Una maschera bianca per essere riconosciuta 

“C’è ancora troppa poca attenzione al modo in cui i dati sono raccolti e organizzati nei dataset utilizzati per l'addestramento degli algoritmi” e dunque, spiega ancora Badaloni, ed è qui che si verificano i problemi principali. Ci sono moltissimi esempi che dimostrano come ad esempio l’addestramento di un sistema di machine learning con tonnellate di immagini di persone dalla pelle bianca renda poi molto difficile allo stesso sistema individuare e identificare una persona dalla pelle scura. Un fatto che è stato ampiamente raccontato e commentato da Joy Buolamwini, ricercatrice coder al MIT Medialab e poi, in seguito alla propria esperienza, fondatrice della Algorithmic Justice League. Buolamwini si è resa conto che l’algoritmo con cui stava lavorando non riconosceva la sua faccia, in quanto persona di colore. E che tornava a essere ‘vista e riconosciuta’ dalla macchina solo se indossava una maschera bianca

Esempi di discriminazioni di questo tipo ce ne sono ormai moltissime: sistemi che automaticamente assegnano determinati compiti o titoli agli uomini o alle donne, in base a una ipotetica categorizzazione dei lavori più indicati per l’uno o l’altro genere. Sistemi che attribuiscono indici di pericolosità, ad esempio stimando il rischio di recidiva, alle persone arrestate per un reato, e che sistematicamente indicano come più pericolose quelle di pelle non bianca. 

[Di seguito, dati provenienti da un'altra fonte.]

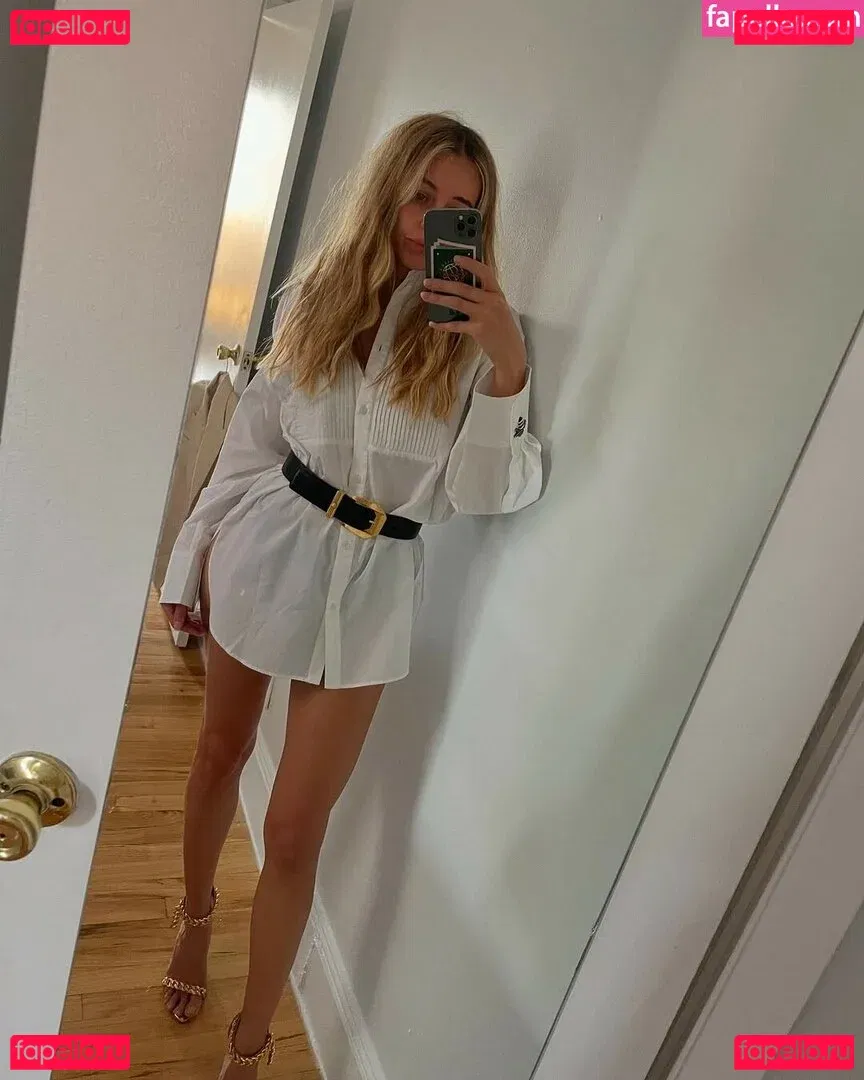 Keeley Hazel Onlyfans Photo Gallery 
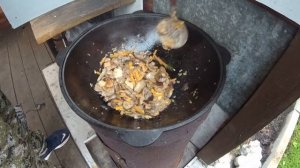 ?ГРИБНОЙ СУП В КАЗАНЕ . Как приготовить русский суп с лесными грибами на огне / MUSHROOM SOUP /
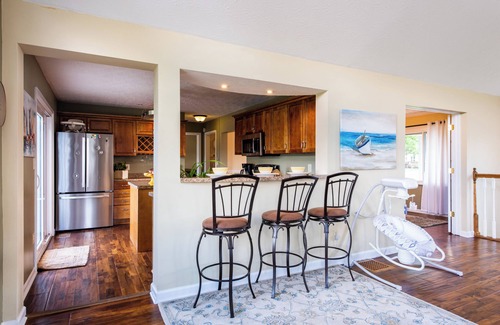Warsaw House | Waterfront Cabin w/A View! Large Family Retreat + Pet-Friendly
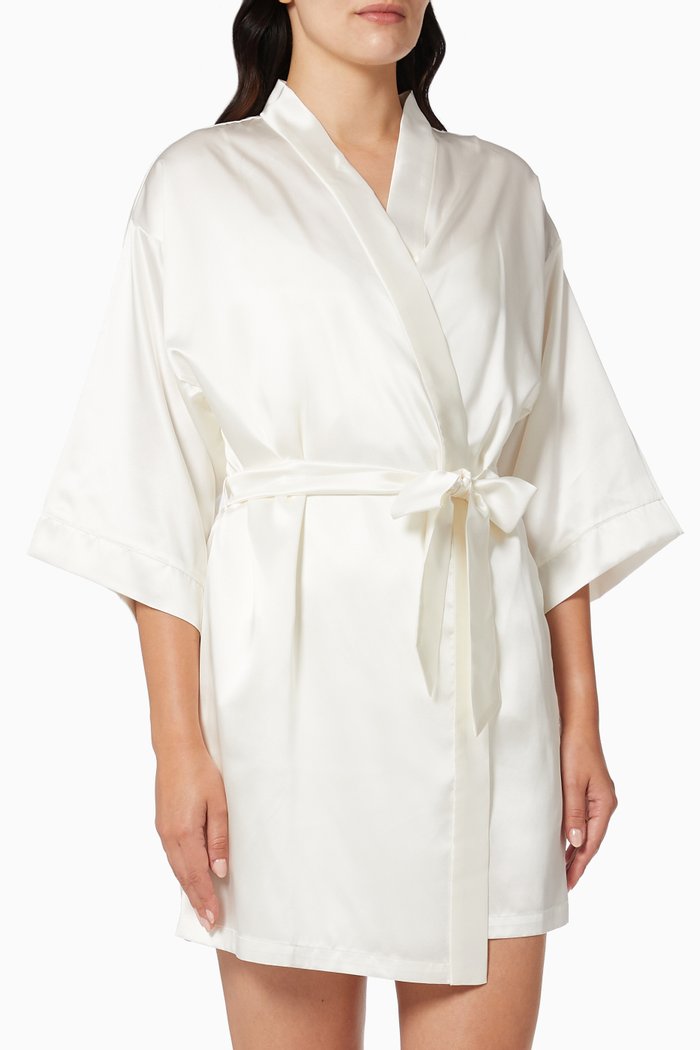 

Robe in Mulberry Silk, Neutral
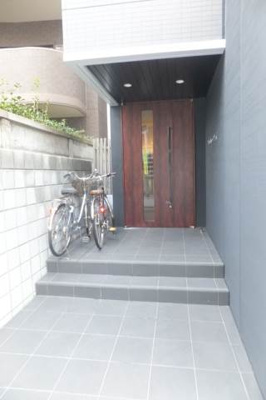 【エントランス】 | レジデンス東雪谷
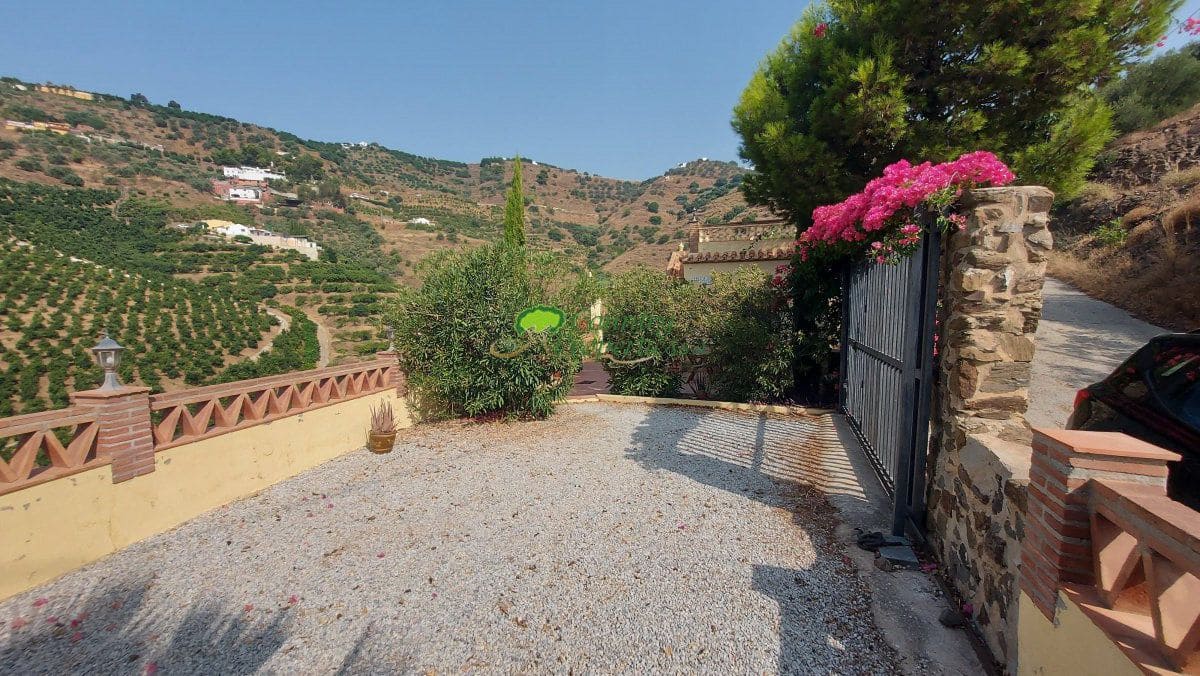 2 sovrum Finca/Hus på landet till salu i Torrox med pool garage - 279 000 € (Ref: 10011076)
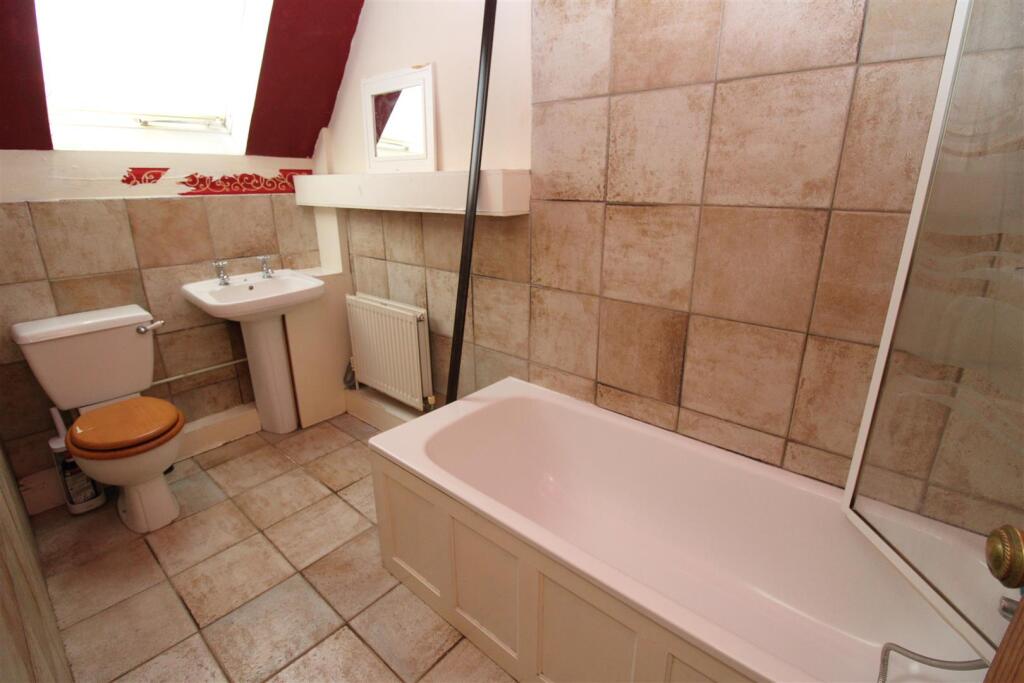 Bathroom.JPG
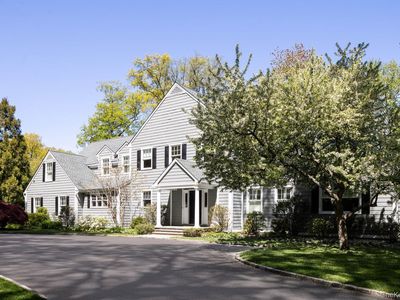 24 Matinecock Farms Road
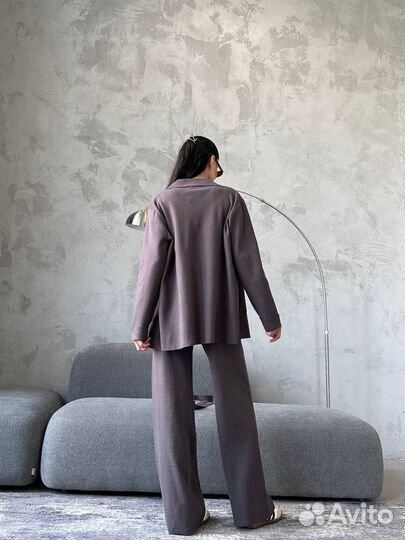 Брючный костюм женский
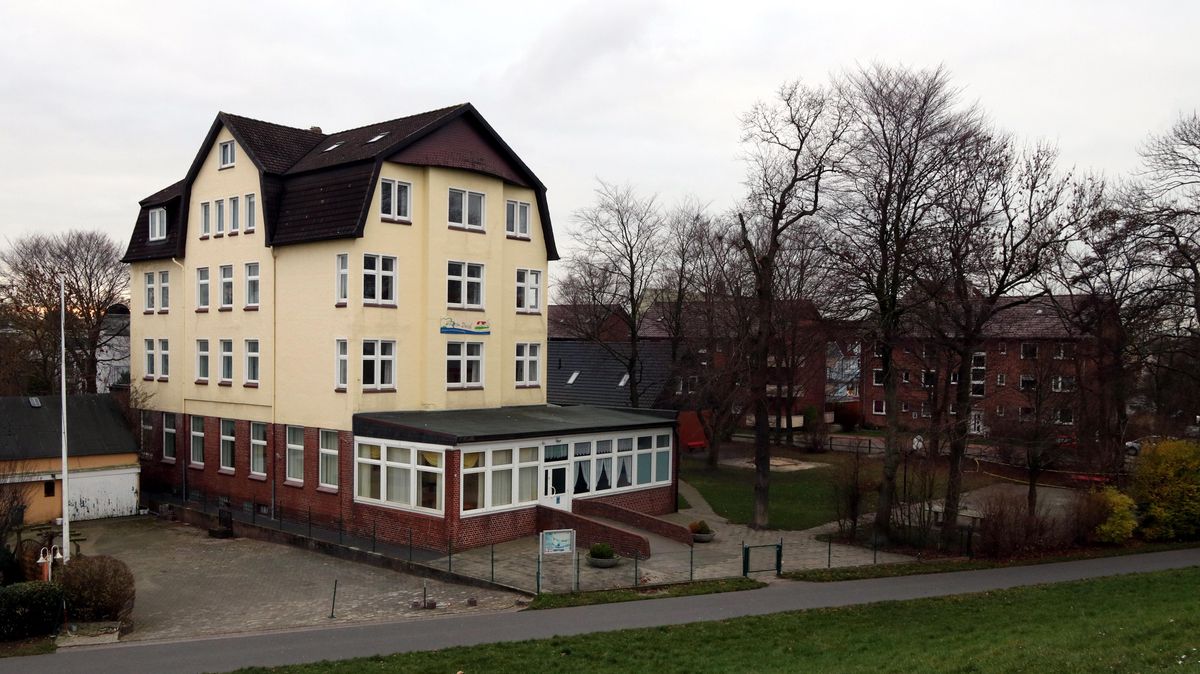 Was der von der Donner-Stiftung gezogene Schlussstrich für die Zukunft der in Top-Lage am Döser Seedeich befindlichen Immobilie bedeutet, ist anscheinend noch unklar. Foto: Koppe 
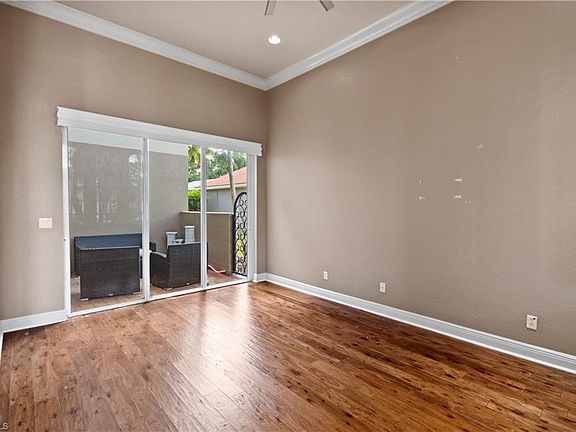 5th image of 8773 Largo Mar DR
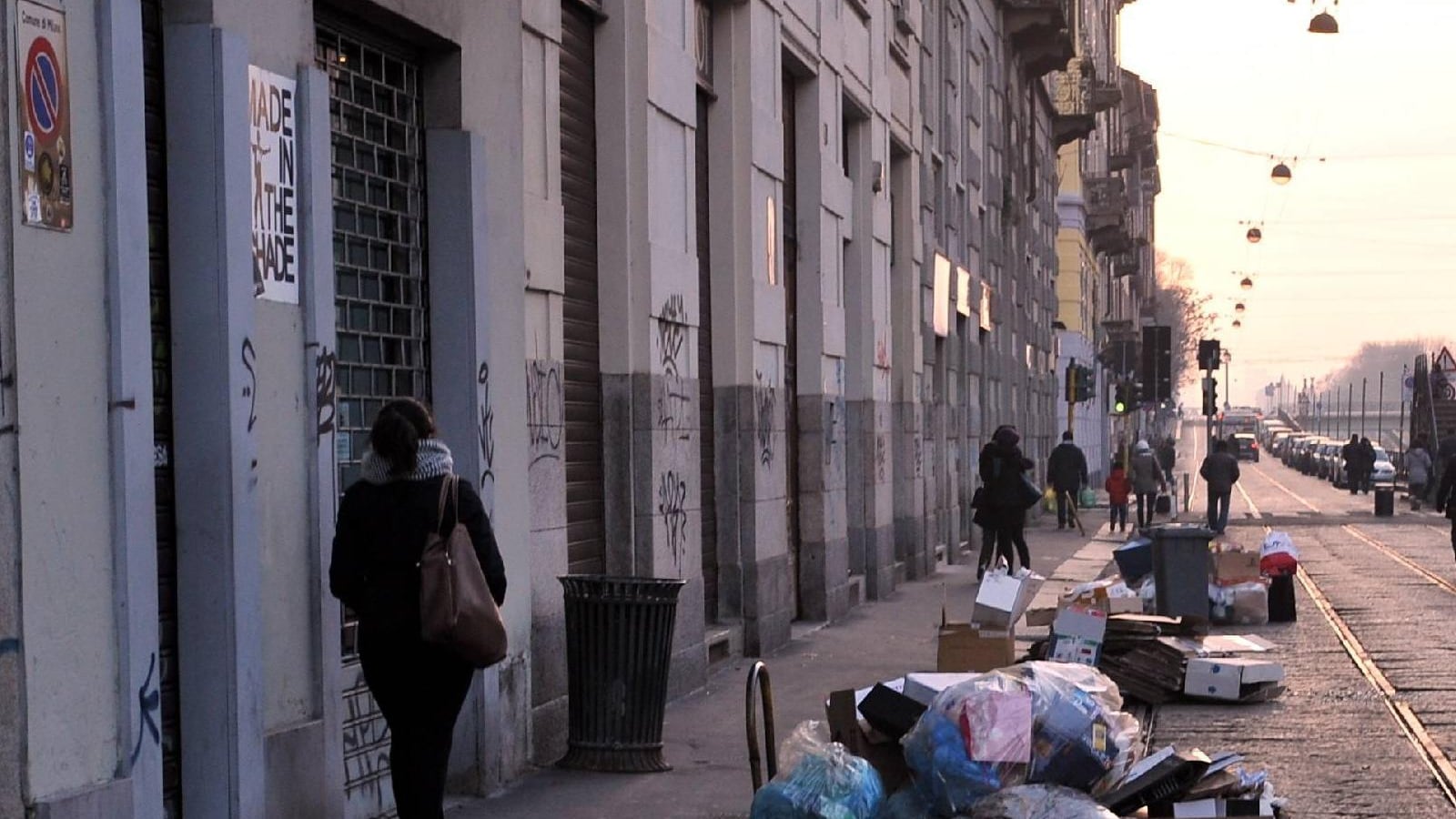 Milano come Napoli: i rifiuti in strada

E dunque, conclude Badaloni, per ridurre il rischio di decisioni non corrette e ingiuste, è necessario lavorare prima di tutto sulla conoscenza, sulla consapevolezza del problema. Per esempio, all’Università di Padova, nel contesto del corso di laurea in Ingegneria informatica ma aperto a tutti e tutte le studenti dell’Università, è stato attivato un corso in partenza nel II semestre di quest’anno accademico che si focalizzerà sui “Saperi di genere ed Etica nell’Intelligenza Artificiale”, un’occasione per conoscere e approfondire le relazioni tra le tecnologie digitali e i saperi etici e di genere.  

Poi, certo, è fondamentale che a livello sia europeo che italiano siano stati formati dei gruppi di esperti che stanno lavorando a strategie di adozione di una AI di cui ci si possa fidare, che sia utile ai processi e alle necessità collettive e non amplifichi le discriminazioni già esistenti. E ci vogliono regolamentazioni che siano coerenti con le linee guida definite dal gruppo di esperti e ovviamente adottate soprattutto dalle grandi aziende che producono e utilizzano strumenti di AI. Dobbiamo ridurre la possibilità, sottolinea infine Badaloni, che “i giganti dell'informatica adottino la pratica cosiddetta di ethics washing, secondo la quale fingono di applicare linee guida e principi etici senza che ci sia un impegno reale.”